There is one more factor that you need to know about the numbers in the OID. This relates to the manufacturer of the device that hosts the SNMP agent. The SNMP agent is pre-installed on all network devices. This courtesy has become an industry standard. So, before shipping each device, the producer installs firmware and a number of utilities, including the SNMP agent. This provides the manufacturer with an opportunity to mark its territory because the enterprise node can be followed by an identifier that denotes the supplier.
So, the industry has got together and assigned a number to each manufacturer. These are called Private Enterprise Numbers PENs) and the list is maintained by the Internet Assigned Numbers Authority (IANA). You can search the List of Private Enterprise Numbers at the IANA website.
So, if you are looking for data in a MIB from a switch created by Cisco Systems, the OIDs you will be looking at will all start with .1.3.6.1.4.1.9. For a device from APC, the OIDs with interesting information will all start with .1.3.6.1.4.1.318.
Using snmpwalk
The exact syntax for the snmpwalk command depends on the implementation that you are using. So, with the examples that you were advised to download above, the format of the command would be:
For Linux –
$ snmpwalk -v1 -c public 192.168.8.1
This uses SNMP v1 with the community string “public” and looks at the device with the IP address 192.168.8.1.
For Windows, that same query would be written as –
C:\Users\Laptop> snmpwalk -v:1 -r:192.168.8.1 -c:”public”

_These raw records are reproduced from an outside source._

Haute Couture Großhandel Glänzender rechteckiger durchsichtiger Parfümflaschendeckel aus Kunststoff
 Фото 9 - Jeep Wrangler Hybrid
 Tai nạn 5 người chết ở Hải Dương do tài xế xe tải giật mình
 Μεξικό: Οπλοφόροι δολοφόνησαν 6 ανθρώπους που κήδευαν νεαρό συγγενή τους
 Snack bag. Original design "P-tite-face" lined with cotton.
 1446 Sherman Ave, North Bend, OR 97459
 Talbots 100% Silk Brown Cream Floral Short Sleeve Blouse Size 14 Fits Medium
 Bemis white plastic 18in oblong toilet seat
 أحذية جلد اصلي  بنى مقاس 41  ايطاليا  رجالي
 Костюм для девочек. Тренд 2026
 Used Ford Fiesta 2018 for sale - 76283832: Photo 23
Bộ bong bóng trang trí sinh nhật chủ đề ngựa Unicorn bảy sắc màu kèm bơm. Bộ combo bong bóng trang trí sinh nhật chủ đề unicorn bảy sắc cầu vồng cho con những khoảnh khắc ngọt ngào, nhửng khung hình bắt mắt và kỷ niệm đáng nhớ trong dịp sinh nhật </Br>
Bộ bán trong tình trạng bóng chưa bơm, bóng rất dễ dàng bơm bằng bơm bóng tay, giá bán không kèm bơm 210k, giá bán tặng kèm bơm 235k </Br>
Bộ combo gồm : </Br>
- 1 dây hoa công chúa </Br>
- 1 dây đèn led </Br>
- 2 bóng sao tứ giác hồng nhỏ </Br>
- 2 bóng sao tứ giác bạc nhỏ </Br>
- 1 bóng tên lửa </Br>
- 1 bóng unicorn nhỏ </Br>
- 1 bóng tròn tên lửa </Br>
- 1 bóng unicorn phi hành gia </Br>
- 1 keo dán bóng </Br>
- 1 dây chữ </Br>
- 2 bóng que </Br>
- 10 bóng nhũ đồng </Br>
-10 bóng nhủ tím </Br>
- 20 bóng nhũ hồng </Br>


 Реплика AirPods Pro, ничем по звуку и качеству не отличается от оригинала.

In that Windows version, you wouldn’t need to put in the -v:1 or -c:”public” parameters because these give the default values. So, if you missed those out, the command would use those values anyway.
Knowing that you are only going to get interesting information from a specific branch of the MIB tree, you can cut the scan short to skip directly to that part of the MIB.
On Linux, try:
$ snmpwalk -v1 -c public 192.168.8.1 .1.3.6.1.4.1.318
On Windows, you would type:
C:\Users\Laptop> snmpwalk -r:192.168.8.1 -os:.1.3.6.1.4.1.318
These two examples are for querying an APC device that has the IP address 192.168.8.1, so alter those numbers for your network.
Save Time with snmpwalk
The concept of snmpwalk seems complicated, but it isn’t in reality. The snmpwalk command is simply a shorthand way to use multiple GETNEXT requests without having to type lots of different commands. With one snmpwalk command, you can fire off lots of different GETNEXT and view your infrastructure health.
If you’re using the snmpwalk command then it’s important to remember to cut down the amount of information you receive as much as possible. Specifying a MIB will allow you to see specific information rather than data collected from an entire database of object IDs!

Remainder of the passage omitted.